On Sat, Mar 21, 2015 at 9:17 PM, Rajiv Kurian <ra...@signalfuse.com> wrote:

> Just a follow up - I have implemented a pretty hacky prototype It's too
> unclean to share right now but I can clean it up if you are interested. I
> don't think it offers anything that people already don't know about though.
>
> My prototype doesn't do any metadata requests yet but I have a flyweight
> builder/parser of the FetchRequest and the FetchResponse protocol that I
> based on the protocol page at
>
> https://cwiki.apache.org/confluence/display/KAFKA/A+Guide+To+The+Kafka+Protocol
> .
> On my consumer thread I allocate two buffers per broker a small request
> buffer and a bigger response buffer. My assumption is that the response
> buffer will be big enough that it is never too small for the response.  If
> this assumption doesn't hold then we would have to reallocate a bigger
> buffer. These are the steps I am following right now:
>
> i) Whenever a client makes a request I fill up the relevant request
> buffer(s) using my flyweight object instead of allocating an object and
> then serializing it. I then write this buffer to the SocketChannel
> connected to the right Kafka broker. I don't yet handle the case where all
> of the request bytes could not be  written synchronously. If I were to
> handle that properly I would need to register WRITE interest on the
> SocketChannel on incomplete writes.
>
> ii) Whenever the client calls poll() I register read interest on the socket
> channel using the selector and make a select call on the underlying
> selector. If the selector says that the socket channel is readable, I read
> all the bytes possible into my response ByteBuffer. If I can read the first
> 4 bytes I know how big the response is. So I wait till all response bytes
> have been read before attempting to parse it. This might take multiple poll
> calls. Once I have received the expected number of bytes I iterate through
> the response ByteBuffer. There is no random access access provided to the
> ByteBuffer since there are way too many variable length fields. This a
> DISADVANTAGE of doing flyweight style parsing instead of deserialization
> into POJOs with indexed data structures like maps.  I could build indexing
> with a non-allocating primitive hashmap like the koloboke one mapping
> Topic/Partition/Messages to offsets in the ByteBuffer if really required.
> For me the lack of random access has not been a problem at all. Iteration
> is done just by providing a ByteBuffer and offset (within ByteBuffer) pair
> for each message. In my own application I wrap this ByteBuffer and offset
> pair in my own flyweight which knows how to decode the data.
>
> iii) Once an entire response has been iterated through I can re-use both
> the request as well as response buffers.
>
> I am sure this can be improved upon a lot.  I allocate the following before
> starting my client:
>     i) A Direct ByteBuffer for requests.
>    ii) A Direct ByteBuffer for responses. Sizes of the ByteBuffers are
> chosen so that they can fit the biggest request/responses we expect.

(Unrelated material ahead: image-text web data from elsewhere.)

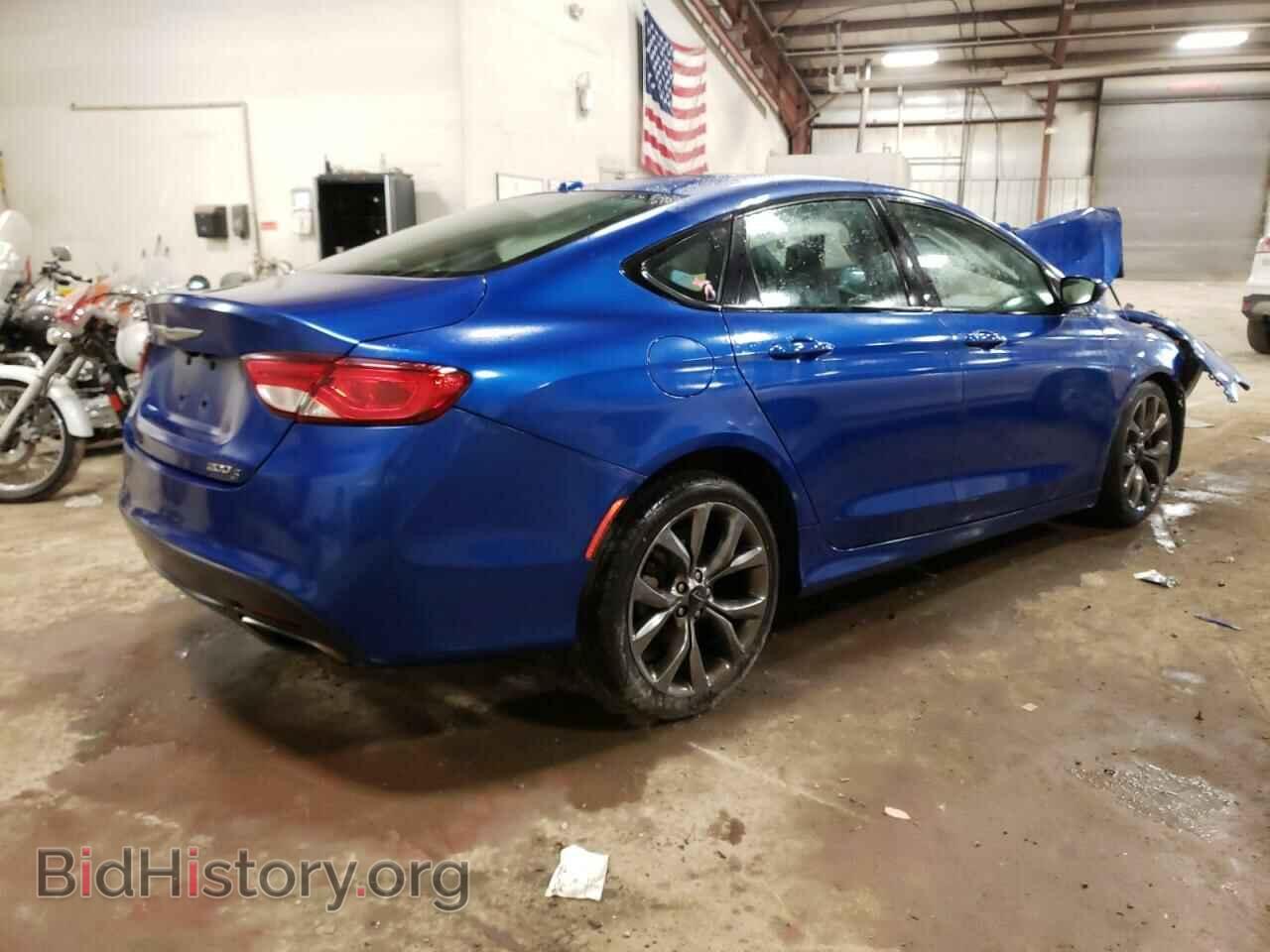 2015 CHRYSLER 200 - VIN: 1C3CCCBB6FN534690 - Фото 3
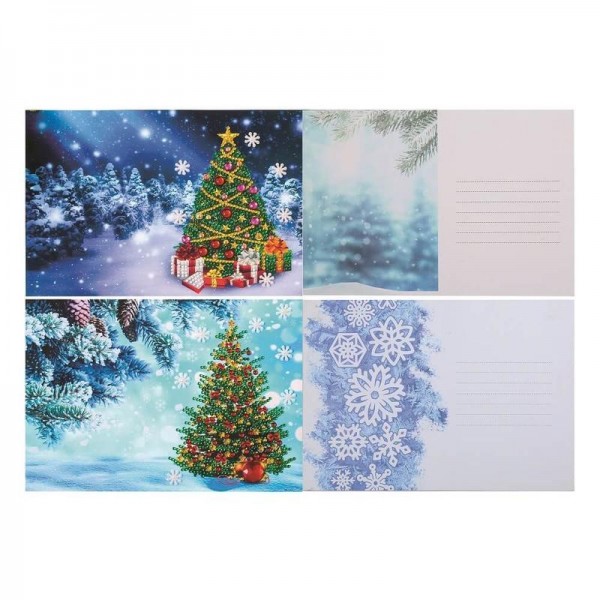 Weihnachtskarten I | 4 Stück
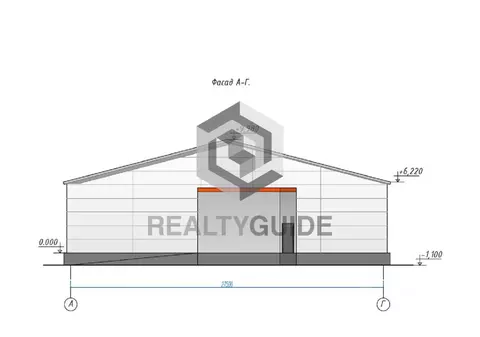 Склад в Московская область, Дзержинский Денисьевский проезд, 1к3 (1500 ...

>    ii) A flyweight that wraps the Request ByteBuffer and can be used to
> write a particular kind of request.  So far I have only written a flyweight
> for a FetchRequest.
>   iii) A flyweight that wraps the Response ByteBuffer and can be used to
> iterate through the entire response including finding errors. There is no
> random access allowed right now. So far I have only written a flyweight
> parser for a FetchResponse.
>   iv) A flyweight for every type of application level message that I
> expect. Iterating through the response ByteBuffer using the flyweight in
> (iii) I get offsets into the ByteBuffer for each individual message. My own
> messages work by using absolute position getLong(position),
> getShort(position) etc calls on a ByteBuffer, so this works out great for
> me. We could alternatively provide an API that does allocates a new
> ByteBuffer and copies the data for people who don't want the zero
> allocation access.
>
> Sadly in my profiling I noticed that selector implementation in the
> JDK allocates
> but it seems like projects like Netty, Aeron have worked around this by
> using reflection to replace the underlying implementation to make it
> non-allocating. Other than that I have absolutely zero allocations past the
> initial 4-5 allocations. I also have absolutely zero copies in user space
> once the data lands from the socket onto the ByteBuffer.
>
> On Sat, Mar 21, 2015 at 11:16 AM, Rajiv Kurian <ra...@signalfuse.com>
> wrote:
>
> > I had a few more thoughts on the new API. Currently we use kafka to
> > transfer really compact messages - around 25-35 bytes each. Our use case
> is
> > a lot of messages but each very small. Will it be possible to do the
> > following
> > to reuse a ConsumerRecord and the ConsumerRecords objects? We employ our
> > own binary encoding to encode our messages and it is encoded as a
> flyweight
> > in SBE/Cap'n'Proto style and can be consumed without any
> > decoding/deserialization step. Currently we use the SimpleConsumer and
> have
> > found the fact that it hands out ByteBuffers very useful instead of a
> > mandatory deserialization into a POJO step. Even then through memory
> > profiling we have found out that the ByteBuffers and the records take
> more
> > space than the actual messages themselves. Ideally we can allocate a big
> > ByteBuffer (maybe kafka already does it) to receive our data and then
> just
> > get some kind of a flyweight iterator on the ByteBuffer something like
> this:
> >
> > // Allocate a single ByteBuffer or have kafka allocate this internally.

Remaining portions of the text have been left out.